Required action
Give again, exactly as written, each line of the material below starting at the line that contains "Coque Case-Mate Pour" and ending at the line that contains "Yellow Strawberry Guava Grafted Tree". Both ends count, and no other line does.

Data records
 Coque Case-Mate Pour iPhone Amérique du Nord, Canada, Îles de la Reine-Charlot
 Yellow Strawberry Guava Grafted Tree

==

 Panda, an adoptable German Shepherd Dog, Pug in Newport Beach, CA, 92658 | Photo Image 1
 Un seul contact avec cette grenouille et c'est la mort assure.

...

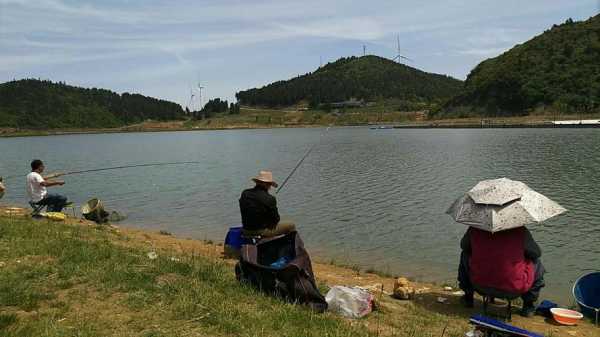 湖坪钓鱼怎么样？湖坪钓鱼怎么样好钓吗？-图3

Solution to the problem
 Coque Case-Mate Pour iPhone Amérique du Nord, Canada, Îles de la Reine-Charlot
 Yellow Strawberry Guava Grafted Tree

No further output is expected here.